The goal of the new rules, scheduled to take effect May 1, is to “simplify the excise duty calculation for specific cannabis products and ease compliance issues,” according to the budget plan.

“Cannabis oils are treated slightly differently under the current regime, where the flat-rate tax is based on the amount of cannabis material used in the production process,” said Abrams.

“Lawyers who are advising licensed producers or anyone looking to get into the cannabis edible, topical or extract market, once available, should be aware of these changes and know how to advise their clients accordingly on this aspect.”

Zvi Halpern-Shavim, a partner at Blake Cassels & Graydon LLP in Toronto, says the excise tax change could come as a surprise for clients that have built existing tax schemes into prices in contracts, especially for products that are high in THC.

“If you have locked into a certain price for a product over the next X number of years, that could really affect your bottom line,” says Halpern-Shavim.

“So, one takeaway for our clients, I know, and I think other people’s as well, is it’s definitely time to go back and look at contracts and see what prices they have in place. When you do price contracts, make sure there’s a change in law concept that if the taxes go up or down, there’s an ability to adjust prices.”

Halpern-Shavim says another area for lawyers to keep an eye on is disputes with the Canada Revenue Agency, where a future audit could question which tax should have been charged.

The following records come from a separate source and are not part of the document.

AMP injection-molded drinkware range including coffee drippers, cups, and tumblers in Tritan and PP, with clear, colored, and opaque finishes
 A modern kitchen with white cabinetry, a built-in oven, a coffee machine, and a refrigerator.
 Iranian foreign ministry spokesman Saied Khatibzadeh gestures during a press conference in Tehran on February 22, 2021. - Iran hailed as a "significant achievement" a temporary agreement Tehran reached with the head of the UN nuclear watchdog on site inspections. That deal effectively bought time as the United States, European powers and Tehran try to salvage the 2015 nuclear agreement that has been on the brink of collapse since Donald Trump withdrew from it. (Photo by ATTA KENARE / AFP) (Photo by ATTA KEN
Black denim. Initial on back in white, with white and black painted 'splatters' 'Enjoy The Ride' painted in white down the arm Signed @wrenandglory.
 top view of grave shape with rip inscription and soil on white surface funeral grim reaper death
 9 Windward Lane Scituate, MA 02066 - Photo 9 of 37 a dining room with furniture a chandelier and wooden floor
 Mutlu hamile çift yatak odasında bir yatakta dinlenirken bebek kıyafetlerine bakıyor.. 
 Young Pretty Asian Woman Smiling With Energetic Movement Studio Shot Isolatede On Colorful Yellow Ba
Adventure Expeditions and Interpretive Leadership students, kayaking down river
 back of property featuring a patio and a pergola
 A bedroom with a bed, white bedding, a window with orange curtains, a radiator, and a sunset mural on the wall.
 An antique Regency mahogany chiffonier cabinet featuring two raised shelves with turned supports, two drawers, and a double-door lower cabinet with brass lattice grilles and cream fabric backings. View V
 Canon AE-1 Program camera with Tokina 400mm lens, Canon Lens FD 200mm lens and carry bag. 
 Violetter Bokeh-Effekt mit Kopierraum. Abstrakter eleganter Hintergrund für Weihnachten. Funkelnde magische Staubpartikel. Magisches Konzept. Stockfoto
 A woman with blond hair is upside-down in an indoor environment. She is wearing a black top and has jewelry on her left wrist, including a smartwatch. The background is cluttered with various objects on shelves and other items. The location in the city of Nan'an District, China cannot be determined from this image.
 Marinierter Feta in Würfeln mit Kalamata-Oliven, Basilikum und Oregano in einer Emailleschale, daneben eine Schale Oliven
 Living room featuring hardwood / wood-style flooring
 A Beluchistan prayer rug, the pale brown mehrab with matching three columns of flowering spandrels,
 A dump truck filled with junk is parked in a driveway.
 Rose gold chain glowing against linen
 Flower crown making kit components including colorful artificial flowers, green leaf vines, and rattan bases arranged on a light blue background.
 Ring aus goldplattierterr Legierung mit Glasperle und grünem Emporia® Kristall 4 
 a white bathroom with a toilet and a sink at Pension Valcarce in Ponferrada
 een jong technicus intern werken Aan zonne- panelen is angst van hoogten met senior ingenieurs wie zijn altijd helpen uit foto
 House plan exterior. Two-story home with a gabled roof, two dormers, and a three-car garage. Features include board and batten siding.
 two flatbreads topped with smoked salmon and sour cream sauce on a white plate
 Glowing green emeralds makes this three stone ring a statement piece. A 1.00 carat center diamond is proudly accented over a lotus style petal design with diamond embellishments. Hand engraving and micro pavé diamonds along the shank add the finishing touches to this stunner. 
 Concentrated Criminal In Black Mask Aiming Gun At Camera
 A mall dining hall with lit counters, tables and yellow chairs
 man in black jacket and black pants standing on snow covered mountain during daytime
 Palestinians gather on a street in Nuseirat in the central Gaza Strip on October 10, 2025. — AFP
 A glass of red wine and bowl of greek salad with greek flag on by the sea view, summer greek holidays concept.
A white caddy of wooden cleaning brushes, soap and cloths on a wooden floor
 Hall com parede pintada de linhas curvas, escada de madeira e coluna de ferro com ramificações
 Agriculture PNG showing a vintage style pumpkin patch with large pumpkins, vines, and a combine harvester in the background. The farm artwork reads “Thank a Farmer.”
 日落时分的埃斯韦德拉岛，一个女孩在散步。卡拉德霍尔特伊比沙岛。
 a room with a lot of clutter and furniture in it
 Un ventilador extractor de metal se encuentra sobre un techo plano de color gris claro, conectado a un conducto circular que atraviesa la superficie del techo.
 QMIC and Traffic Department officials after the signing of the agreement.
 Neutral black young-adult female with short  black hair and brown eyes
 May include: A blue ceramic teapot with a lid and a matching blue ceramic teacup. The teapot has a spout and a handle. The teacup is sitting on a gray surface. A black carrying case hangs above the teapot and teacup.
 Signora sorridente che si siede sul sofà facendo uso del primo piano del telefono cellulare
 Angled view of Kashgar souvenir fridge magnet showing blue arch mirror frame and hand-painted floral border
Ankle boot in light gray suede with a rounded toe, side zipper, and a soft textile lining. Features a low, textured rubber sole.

Abrams says the change is the federal government’s response to some of the difficulties that licensed producers have been having in terms of taxation of cannabis oil products.

“It can be difficult to calculate the amount of oil in certain products, so, rolling those oil products into the definition of ‘extract,’ which will also include topicals, and edibles, should, in the government’s eyes, streamline the process,” she said in an emailed statement.

While the calculations may become simpler, Halpern-Shavim says the government also missed an opportunity to bring clarity to the issue of when stamps are attached to products.

“Different provinces have different tax rates . . . The stamps are supposed to be attached when the product is packaged, which is when the tax is payable, all at the same moment. You may not know at that time who your ultimate customer is going to be,” says Halpern-Shavim.

Montreal lawyer Antoine Desroches, a partner at Norton Rose Fulbright Canada LLP, says the new excise tax change is also an additional piece of work for lawyers in the sense that you have two parallel regimes depending on the class of cannabis product.

Desroches and other lawyers at Norton Rose Fulbright Canada wrote in a summary that the budget also brings “helpful certainty,” particularly in regards to medical cannabis, as users of medical cannabis can claim a Medical Expense Tax Credit that was previously in question after recreational use was legalized in October 2018.

“It’s just a legal clarification,” says Desroches.

“The takeaway is a person who is otherwise entitled to the medical tax credit can claim an expense for medical cannabis whether it was purchased before or after Oct. 17.”

Desroches says the changes in the budget should be of interest to “any lawyer advising a business involved in either production or distribution of cannabis products or helping with complying with regulatory and tax environments and, to a lesser extent, any lawyer helping patients with claiming the medical tax credit.”